Rather odd trading in this issue today, actually. The volume was 450,415, but there were only four trades after noon, totalling 6,420 shares. The trading range for the day was $24.64-75.

The issue has been added to HIMIPref™ and a reorgDataEntry processed to reflect the change from the preIssue securityCode of P50010 to the new security code of A48984.

Issue Comments

Great-West Spends CAD 4.6-Billion!

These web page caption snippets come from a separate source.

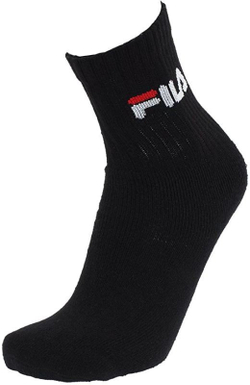 Теннисные носки Fila Calza Tennis Socks 3P - черный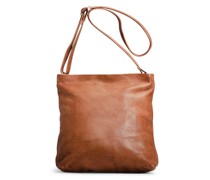 Umhängetasche  Leder camel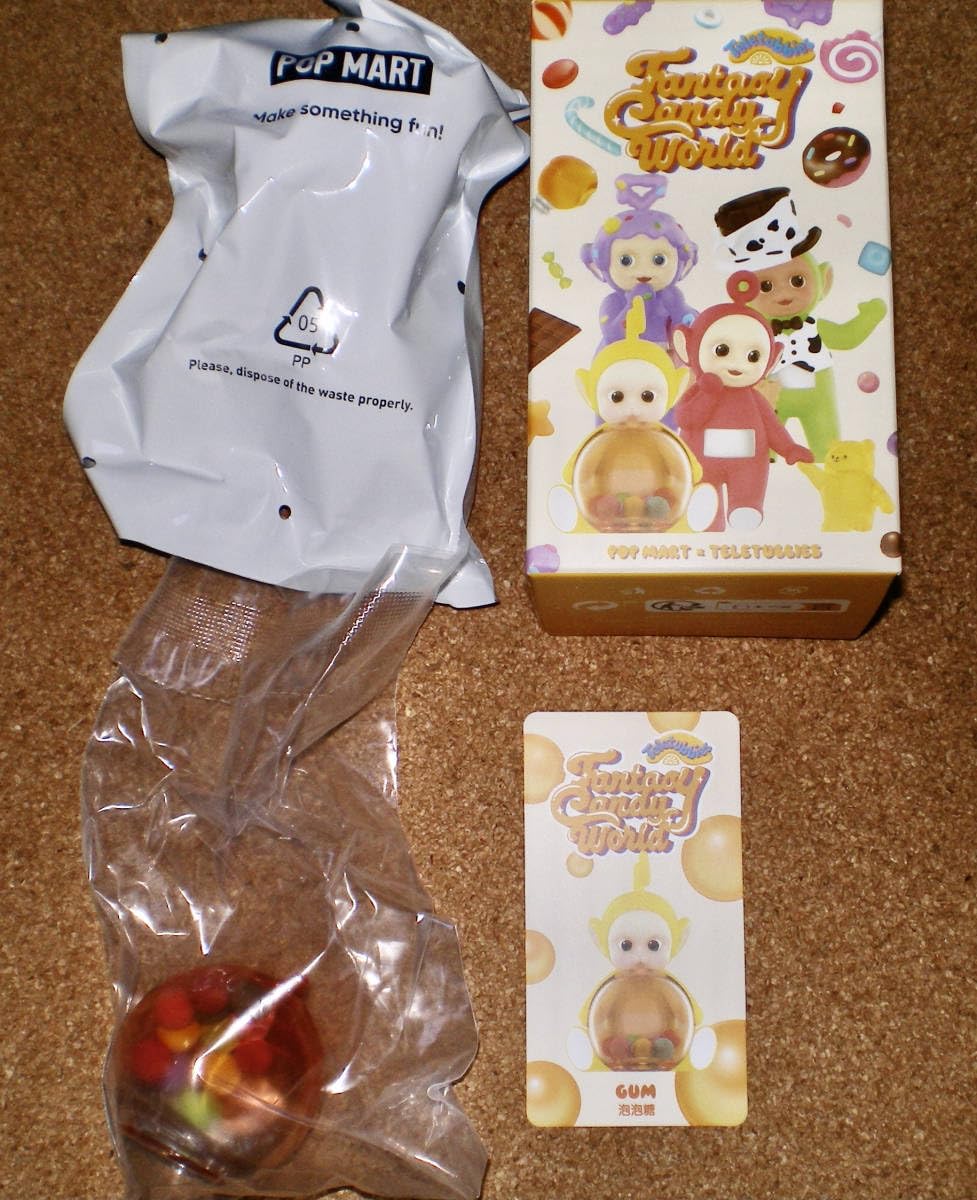 Amazon.co.jp: POPMART テレタビーズ ファンタジー キャンディー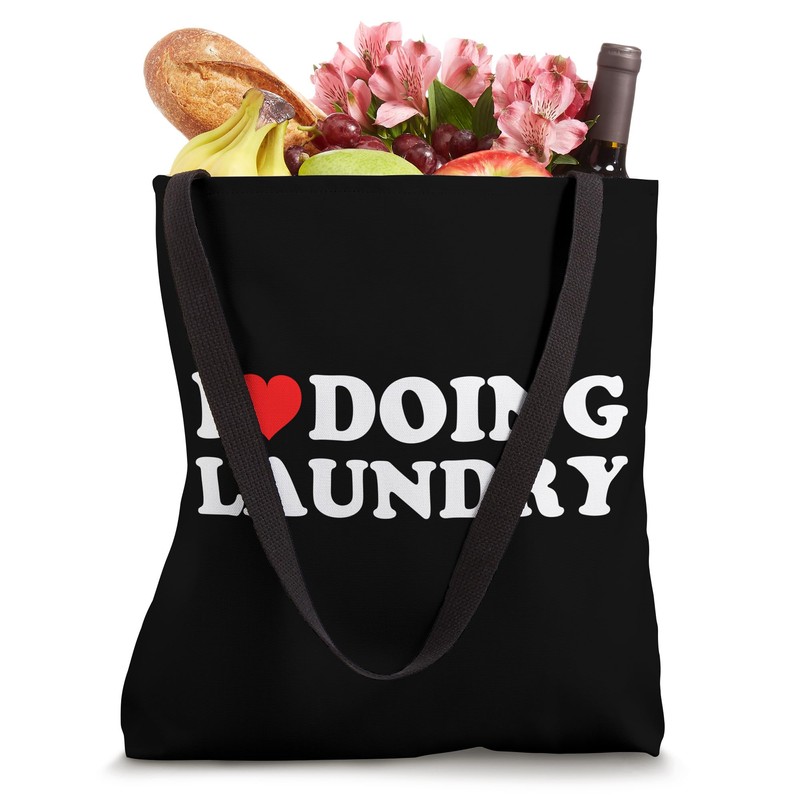 I Love Doing Laundry Tote Bag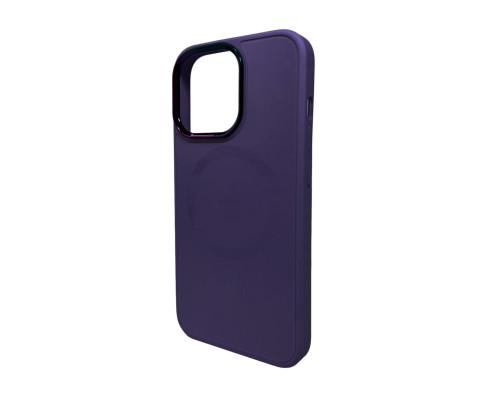 Чохол для смартфона AG Glass Sapphire MagSafe Logo for Apple iPhone 13 Pro Purple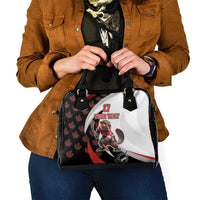 Custom Canada Ice Hockey Go Champions Shoulder Handbag Team Canada Beaver Mascot Style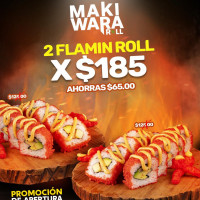 Makiwara Roll Sushi food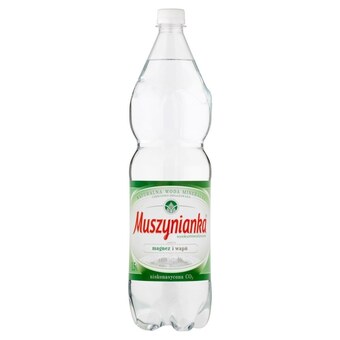 ALDI Muszynianka Naturalna woda mineralna wysokozmineralizowana niskonasycona CO2 1,5 l oferta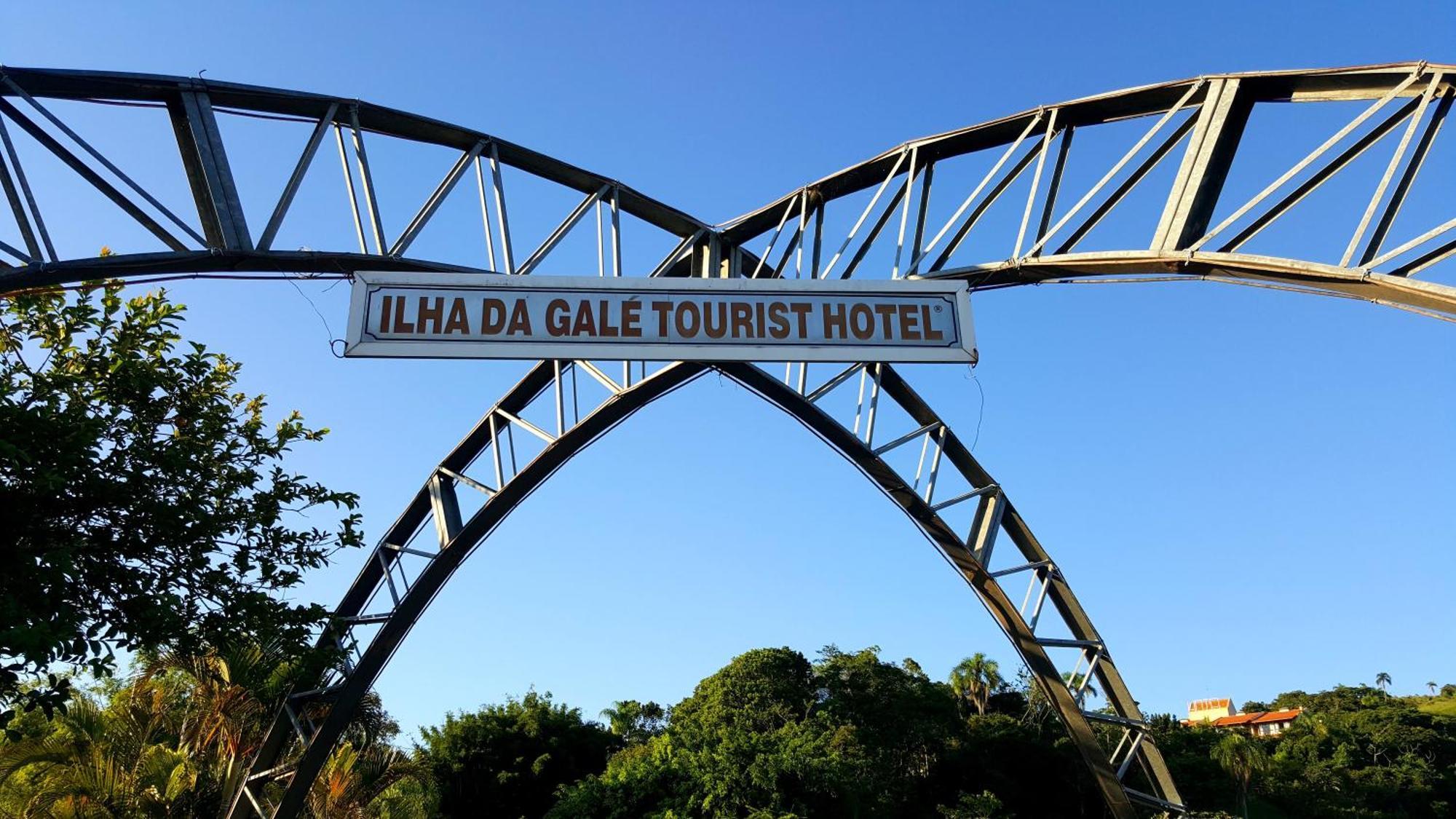 Ilha Da Gale Tourist Hotel Fazenda De Bombas Бомбиняс Екстериор снимка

Implications for Prefs?

It has been announced that Great-West will aquire Putnam Investments for CAD 4.6-Billion.

In response, DBRS has placed the entire corporate structure on credit review with developing implications: GWO (which includes CL and GWL), PWF and POW.

Standard & Poors has taken a much more nonchalant approach, affirming the current ratings.

According to GWO:

Funding for the transaction will come from internal resources as well as from proceeds of an issue of Lifeco common shares of no more than CDN $1.2 billion, the issuance of debentures and hybrids, a bank credit facility, and an acquisition tax benefit securitization.

This transaction might possibly explain the mystery of CL.PR.B, which has still not been called. If they have to push through a lot of net issuance, they’re probably not too enthusiastic about calling the old stuff – CL.PR.B has 6-million shares outstanding, so redeeming it at $26.00 would add $156-million to the amount of gross issuance required.

Similarly, it is possible that the resources devoted to the GWO.PR.E / GWO.PR.X Issuer Bid will be reduced.

For the other companies in the group, the transaction may affect, for instance, the chance of PWF.PR.J being redeemed early.

One may take a lot of views and play with a lot of scenarios. Me, I’m just going to assume, as always, that the worst scenario – in life, love and investing – is most likely.

Issue Comments

FIG.PR.A / FCI.PR.A / FCF.PR.A / FCN.PR.A to Merge

After their initial attempt to make quorum failed, Faircourt tried again and was able to get approval from the preferred security holders and the Capital Unitholders.

The merger is expected to close on or about January 31, 2007, and the continuing security will be FIG.PR.A.

Update 2007-1-31 : Yet another press release! Everything has been completed.